Let's start with the Meze's strong suit, the low-end. If sound quality was based on bass alone, this would easily be an 8 or 9 out of 10!

The bass is powerful, in your face, and with good sub-bass extension. If there is one critique, the bass could be punchier and not bleed as much into the lower mids.

Some may consider the sound "boomy" or "dark", but I think there is still enough mids and highs to still appease most casual listeners, and some audiophiles.

If there was one frequency range that is lacking, it would be the highs.

They lack sparkle and can be a little veiled compared to your "analytical/neutral" headphones.

That said, the benefit of these smooth highs is that the sound is completely NON-fatiguing.

There are headphones that are extremely analytical to the point that the high-end is very harsh and fatiguing to listen to for an hour.

That is fortunately NOT the case with these, in fact the opposite. You can listen to these for hours upon hours and not risk the highs being offensive. If anything, it may be the bass that can get tiresome (although not for me!)

This is a closed-back headphone that still has a very good soundstage all things considered, although not like open-back cans, because physics.

Thanks to the wide soundstage, these are AMAZING for gaming. I tested them playing a couple ranked Valorant games and Match MVP'd. I could pinpoint enemies better than my V-Moda Crossfade 2 Wireless that I used to use for gaming (in wired mode).

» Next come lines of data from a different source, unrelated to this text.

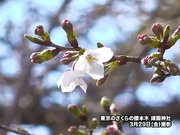 東京で桜の開花発表　昨年より半月も遅い観測　12年ぶりの遅さ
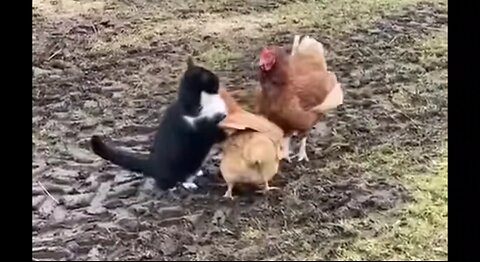 cat messing with chickens 😅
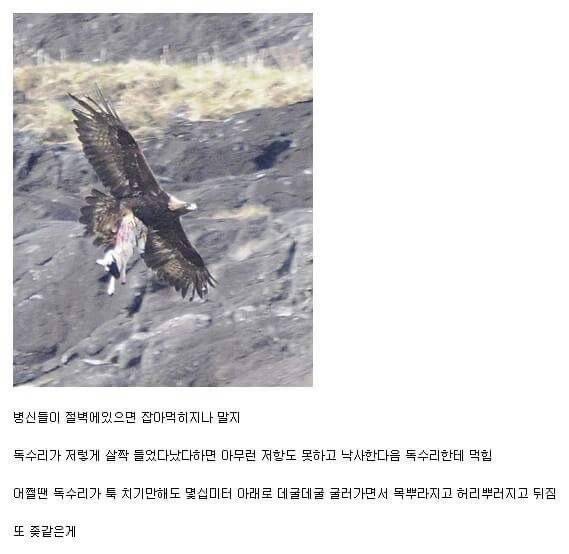ㅂㅅ같은 동물류 최고봉.jpg | 인스티즈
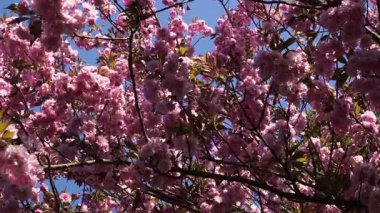 Mavi Gök 'e Karşı Pembe Kiraz Çiçekleri, Güneş Dalları Sallanıyor, Narin Yapraklar Sürükleniyor, Yakın Çekim Tepesi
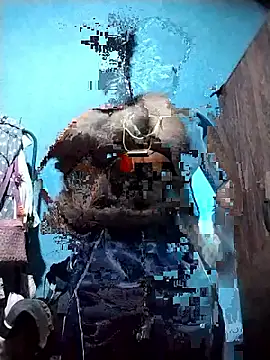 Danu2005dsa online show from 03/22/26, 05:47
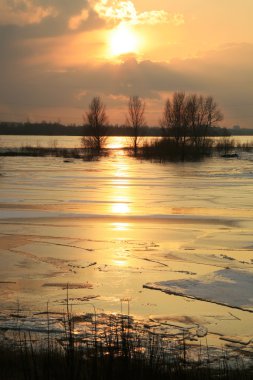 Vistula Nehri Polonya - gün batımı.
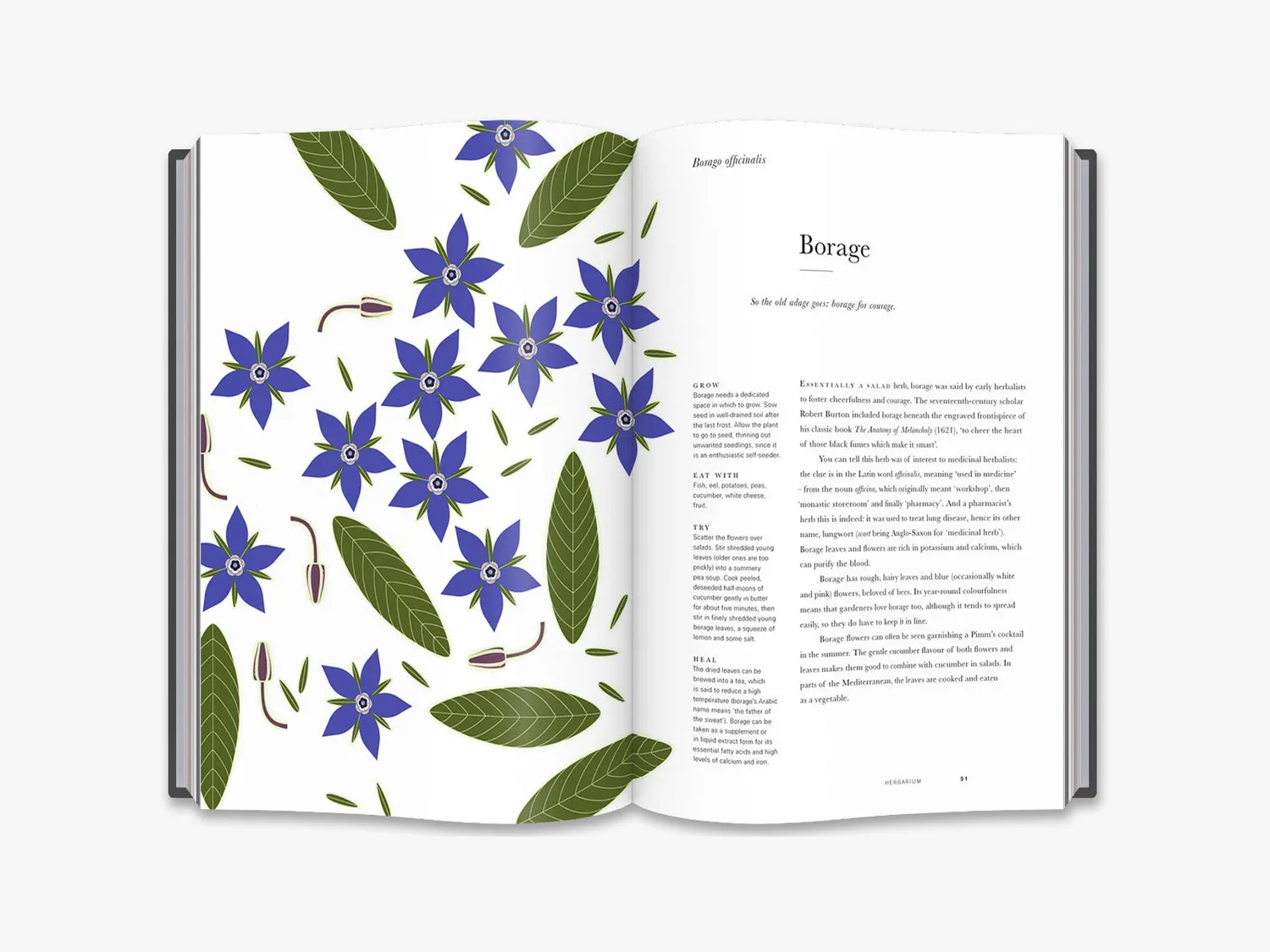 Thames & Hudson Herbarium bog om urter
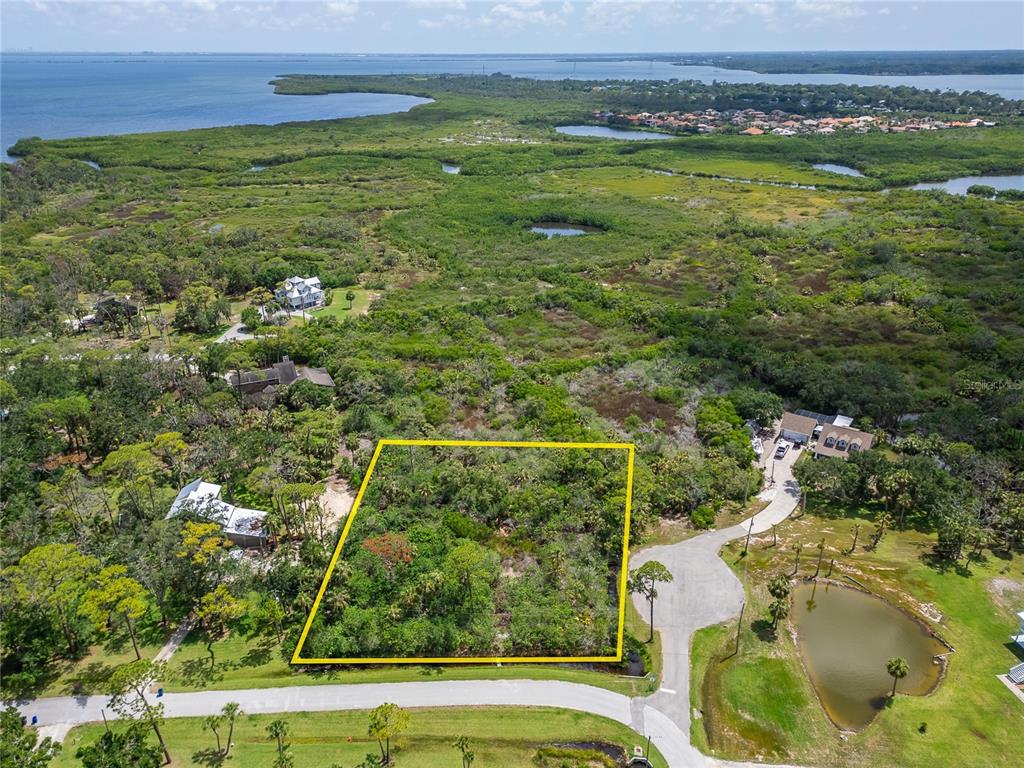 Strathmore Avenue Oldsmar, FL 34677 - Photo 9 of 27 a view of a field with an outdoor space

If I had to nitpick, I'd like a little more separation but most likely closed-back limitations as with the above.

Comfort: 5.0 / 5

Meze 99 Classics Neo weighs 266 grams

Let's not beat around the bush here, these are simply one of the most comfortable headphones available.

As I have used and reviewed headphones over the years, I consider Comfort to be the most underrated quality of ANY pair of headphones. At the end of the day, it's the headphones that you can bear to use on a daily basis for hours on end that will be more valuable (take the Apple AirPods Pro 2 for example).

The Meze 99 Neo is very lightweight at just 266 grams on my scale, or 9.38 oz. This translates to just over half a pound (0.59 lb to be exact).

With a wide suspension headband that reminds me of AKG studio headphones, there is virtually zero pressure on the top of my head, very much unlike the heavy and fatiguing Apple AirPods Max that I own and have reviewed as well.

Clamping force is just the necessary amount, nothing excessive or pressure-inducing.

Also, the earcups don't seem to get hot even with extended hours of usage. Perhaps they get only slightly warm around the 1-2 hour mark, but not as hot as other over-ears.

Meze 99 Classics Neo Earpads

The earcups feel a bit large and my ears are barely pressing against the inner mesh. They do have "small" earcups available that users report to have a more favorable sound signature and possibly a better seal than the stock ear pads.

Features / Looks / Build-Quality: 3.0 / 5

Meze 99 Classics Neo in hardshell case

Being a wired headphone, the Meze 99 Classics / Neo is at a disadvantage here, but still gets points for being closed-back for decent passive noise isolation, and having a low impedance that is extremely easy to drive from your smartphone, computer, or any device, really.

It does come with a nice hardshell case for carrying around and traveling while preventing damage. This is a nice touch considering some headphones in this price range cheap out with just a soft-shell case.

Meze 99 Classics Neo case outside

Interestingly, the Meze 99 outputs significantly more volume than my V-Moda Crossfade 2 Wireless headphones in wired mode, which is known to be a very consumer-oriented headphone.

I have to pretty much max out the volume to 90% for the V-Modas on my Mac Mini (M1), but for these Meze 99, it gets almost uncomfortably loud at 70%, and I like it LOUD. I consider that a huge plus compared to high impedance headphones requiring a whole headphone amp setup.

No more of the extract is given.